Since formation of the Auto Task Force early this year, details on the group’s inner workings have been kept largely under wraps. But in this 6,000-word article penned by Steven Rattner, the former task force chief offers an extensive look at how decisions were made to reshape GM and Chrysler.
Here are some excerpts:
On Getting Started
And so I closed my eyes and jumped. Among the surprises along the way: We were shocked, even beyond our low expectations, by the poor state of both GM and Chrysler. Looking just at the condition of GM’s finances and Chrysler’s new-car pipeline, the case for a bailout was weak.
On Bankruptcy
But we were terrified about the prospect of it. Most important, we feared that consumers would be unwilling to buy such a long-lived product as a car with the prospect of holding a warranty from a bankrupt company. And we were fearful of how long a traditional Chapter 11 proceeding would take. Delphi, which had been spun off by GM in 1999, had been in bankruptcy for more than three years.
On GMAC
Everyone knew Detroit’s reputation for insular, slow-moving cultures. Even by that low standard, I was shocked by the stunningly poor management that we found, particularly at GM, where we encountered, among other things, perhaps the weakest finance operation any of us had ever seen in a major company.

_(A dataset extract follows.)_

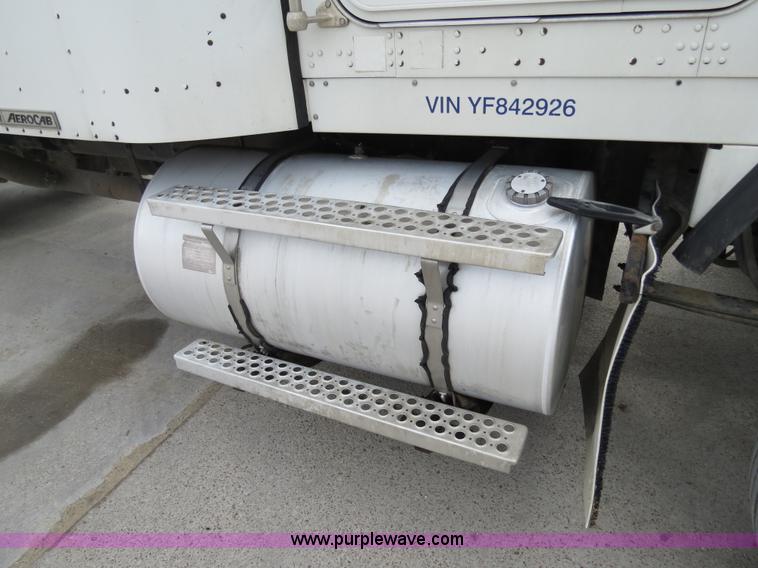 image for item B4577 2000 Kenworth T800 semi truck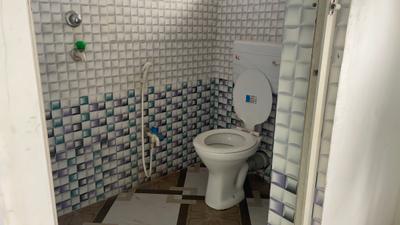 Bathroom Image of 326 Sq.ft 1 RK Independent House for rent in Keshtopur Kolkata for Rs. 6500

For example, under the previous administration’s loan agreements, Treasury was to approve every GM transaction of more than $100 million that was outside of the normal course. From my first day at Treasury, PowerPoint decks would arrive from GM (we quickly concluded that no decision seemed to be made at GM without one) requesting approvals. We were appalled by the absence of sound analysis provided to justify these expenditures.
On Replacing Rick Wagoner
It seemed completely obvious to us that any management team that had burned through $21 billion of cash in a year and another $13 billion in the first quarter of 2009 could not be allowed to continue. Equally important, GM’s February viability plan was more “business as usual” and not the aggressive new approach that we felt was essential.
On Deciding Chrysler’s Fate
While we had separate teams working on Chrysler and GM from the start, the first and toughest decision that we faced was what to do with Chrysler.
Badly run after Daimler bought it in 1998, Chrysler had been sold nine years later at the peak of private equity mania to Cerberus Capital Management. Larded up with debt, hollowed out by years of mismanagement, Chrysler under Cerberus never had a chance. We marveled, for example, that Chrysler did not have a single car that was recommended by Consumer Reports.
The question for us — and ultimately, the President — was whether any restructuring could save Chrysler.